Unquiet Sleep. Thus last week did Russia bestow final rites on Aleksei Kosterin, a writer who, only a month before he died, had resigned from the Communist Party rather than face what he considered illegal expulsion for his views. Kosterin had protested a variety of Soviet repressions, including the recent trials of dissidents and the invasion of Czechoslovakia. Though that alone might have accounted for the brusqueness of his funeral, Soviet authorities were actually far more concerned with the living than with the dead in the crematorium. For Kosterin's eulogist was his old friend, Major General Pyotr Grigorenko, one of the most outspoken of Russia's dissenters. For his forthrightness he was once locked up in an insane asylum, a standard Soviet form of dealing with political troublemakers.
"In farewells, it is usually said, 'Sleep quietly, dear Comrade.' We will not say this," began Grigorenko, glancing down at the visage of his friend. "In the first place, he will not listen to me. He will continue to fight, anyway.

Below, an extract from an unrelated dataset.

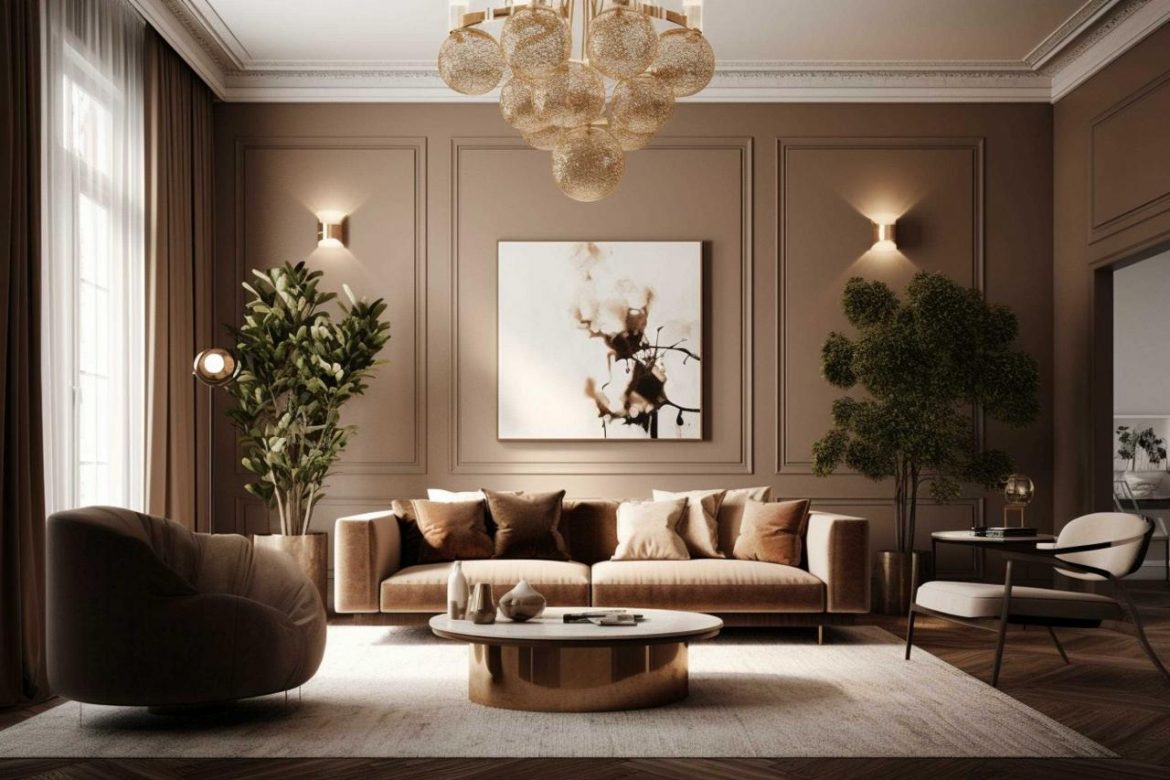 Choosing Art for Your Living Room: Elevate Your Space with Captivating  Artworks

In the second place, it is impossible for me without you, Alyosha. You sit inside me, and you will stay there. Therefore, do not sleep, Alyosha! Fight, Alyosha! Burn all the abominable meanness with which they want to keep turning eternally that damned machine against which you fought all your life."
Dark Days. Kosterin had fought against more than one machine in his 72 years. He became a Bolshevik a year before the Russian Revolution in 1917 and was a party member in good standing until arrested in Stalin's widespread purges of the mid-1930s. Not long after he was released from a labor camp, after Stalin's death in 1953, his daughter Nina gained posthumous fame in the Soviet Union as Russia's Anne Frank. At the age of 20, she had been executed by the Nazis for her part in a partisan raid, and her diary of the dark days of the German invasion, published in 1962, won wide acclaim. Once rehabilitated, Kosterin spent much of his time criticizing Russian officialdom for its treatment of minority groups, notably the Crimean Tartars, and, more recently, dissident intellectuals, until he died of a heart ailment.